Потом накатывает волна раздражения.
– Что вы делаете в моей спальне?
– Обеспечиваю вашу безопасность.
– В спальне?
– Я буду обеспечивать вашу безопасность везде, где посчитаю нужным. Не думаю, что в нашей ситуации стоит обращать внимание на комфорт.
– Вы и ночью тут торчать будете? Не боитесь сексуальных домогательств?
– Я? Да я мечтаю об этом!
– Вот! Именно этого я и опасаюсь!
Все-таки я его доконала! Гневно полоснув взглядом, Фред заявил:
– Я выйду ненадолго. Мне надо принять витамины. Пожалуйста, закройте комнату изнутри и до моего возвращения никуда не выходите.

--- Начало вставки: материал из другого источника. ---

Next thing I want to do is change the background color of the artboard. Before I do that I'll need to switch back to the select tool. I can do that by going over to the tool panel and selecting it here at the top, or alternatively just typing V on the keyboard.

Если бы я знала, как по-английски будет «слушаюсь и повинуюсь», я бы непременно озвучила. Но спросонья соображалось мне туго, поэтому я просто неопределенно пожала плечами.
Дождавшись, пока за Фредом закроется дверь, я схватила ноутбук, подключилась к беспарольной «Greennetwork» и набрала по скайпу Дениса.

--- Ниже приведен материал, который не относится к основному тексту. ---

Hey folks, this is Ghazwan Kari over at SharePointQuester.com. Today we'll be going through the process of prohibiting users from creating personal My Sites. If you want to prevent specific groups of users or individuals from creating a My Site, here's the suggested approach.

Изумруд из недавнего сна все не шел у меня из головы.
Может, Джонни убили из-за этого камня? Ведь сначала Денис говорил, что избавление от перстня – шанс для Джонни сохранить жизнь. Но камень выпал из украшения и остался с Грином – и потом, наверное, ситуация стала развиваться так стремительно, что просто уже было невозможно что-либо предпринять…
– Ты что, на вилле Джонни Грина? У тебя все хорошо? – застрелял вопросами Денис, забыв поздороваться. – Все СМИ уже на ушах стоят!

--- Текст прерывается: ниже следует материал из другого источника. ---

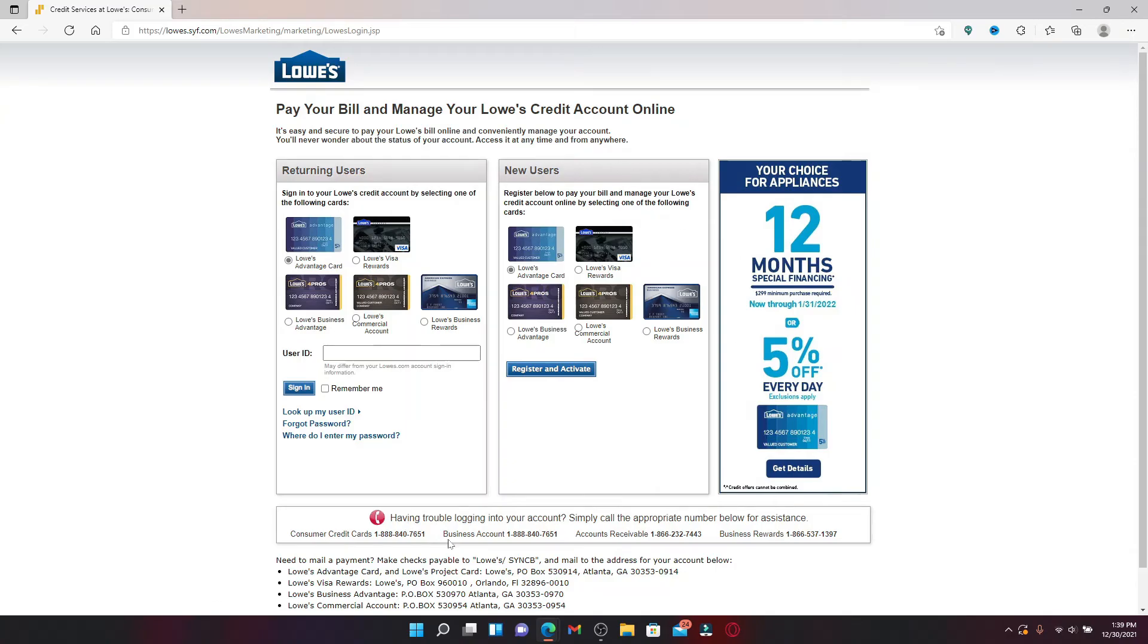If you are a new user for Lowe's credit card account and since you've not registered and activated your account, you can click on any of the cards over here that you'd like to sign up with and click on register and activate.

– У меня все хорошо, – я поправила волосы и мысленно заругала себя: вот я балда, хоть бы в зеркало глянула, умылась и расчесалась… – Жена Грина Мэри пригласила меня помочь в расследовании. Обещала миллион долларов гонорара. Сегодня я перебралась из отеля в их дом. Сто лет тебя знаю – и все равно удивляюсь. Иногда мне кажется, ты смотришь онлайн трансляцию моей жизни.
– Красивая сумма, хорошее вознаграждение. Но я бы советовал тебе отказаться.
– Почему? Мне что-то угрожает?
– Иногда мне кажется, что тебе всегда что-то угрожает. Спокойная жизнь без приключений – это не для тебя.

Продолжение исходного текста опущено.